LLM Hits 56 Tokens/Sec on Neural Engine
A developer has successfully run Alibaba's Qwen 3.5 0.8B model directly on an M4 Pro's Neural Engine, achieving ~56 tokens/second. The demo uses the open-source ANEMLL library with CoreML and Swift, showcasing a significant step forward for on-device AI performance.
The M4 Pro's 16-core Neural Engine provides the dedicated hardware acceleration necessary for such performance, capable of 38 trillion operations per second on the base M4 chip. This specialized silicon is designed to execute machine learning models with greater power efficiency than running them on the CPU or GPU. The open-source ANEMLL library serves as a crucial bridge, specifically designed to convert Hugging Face models into the CoreML format. Its goal is to create a complete open-source pipeline that optimizes common LLM architectures for on-device inference on the Apple Neural Engine (ANE). Alibaba's Qwen2 0.5B is a compact, Transformer-based model with 500 million parameters, making it well-suited for resource-constrained environments. The model was pretrained on a large multilingual dataset and supports a context length of up to 32K tokens. Achieving this requires clever engineering, as the Neural Engine has a fixed set of operations.
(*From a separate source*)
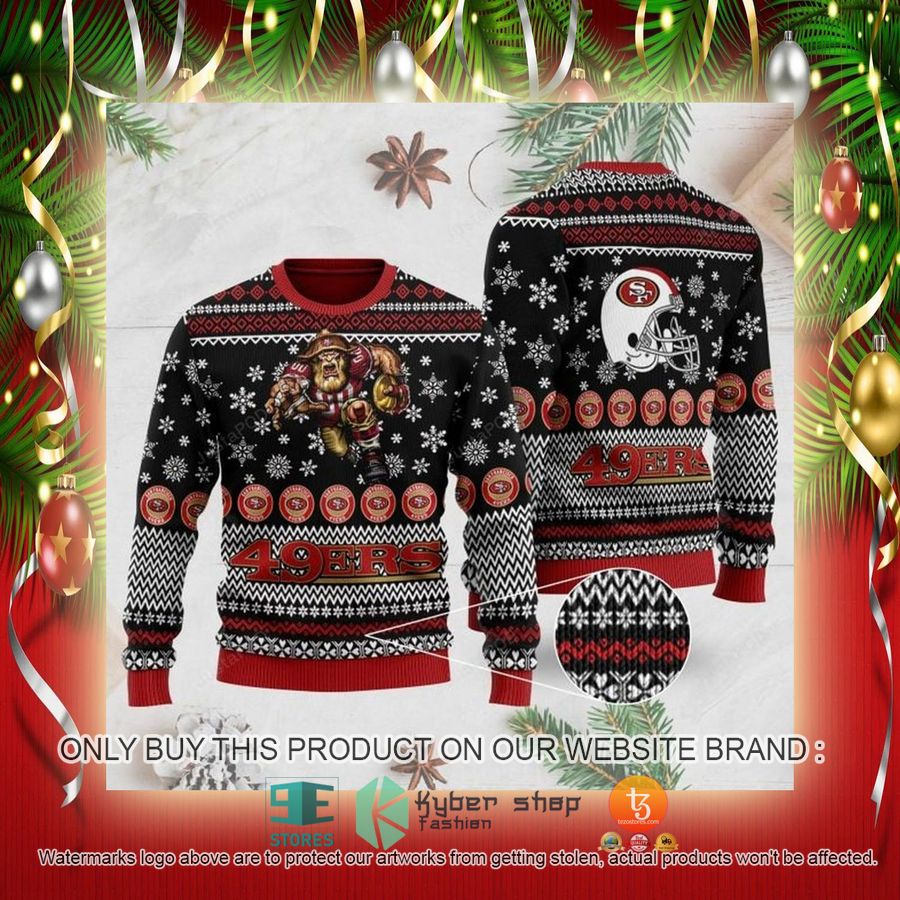 NEW San Francisco 49ers Sports Football Team With Sourdough Sam The Mascot Sweatshirt 2 nfl san francisco 49ers sports football team with sourdough sam the mascot ugly christmas sweater 2 36136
For unsupported functions like RMS Normalization, common in many modern LLMs, ANEMLL employs "hacks" that manipulate input data so that the ANE's native LayerNorm operation produces the correct result. Using the Neural Engine via the Core ML framework ensures that processing happens on-device, which enhances privacy and allows applications to remain responsive without a network connection. This approach minimizes both memory footprint and power consumption, critical for performance on battery-powered hardware. Core ML Tools further optimize models for the ANE through techniques like weight palettization and 8-bit quantization. The latest M4 hardware includes a faster int8-int8 compute path, which can yield significant latency benefits for properly quantized models.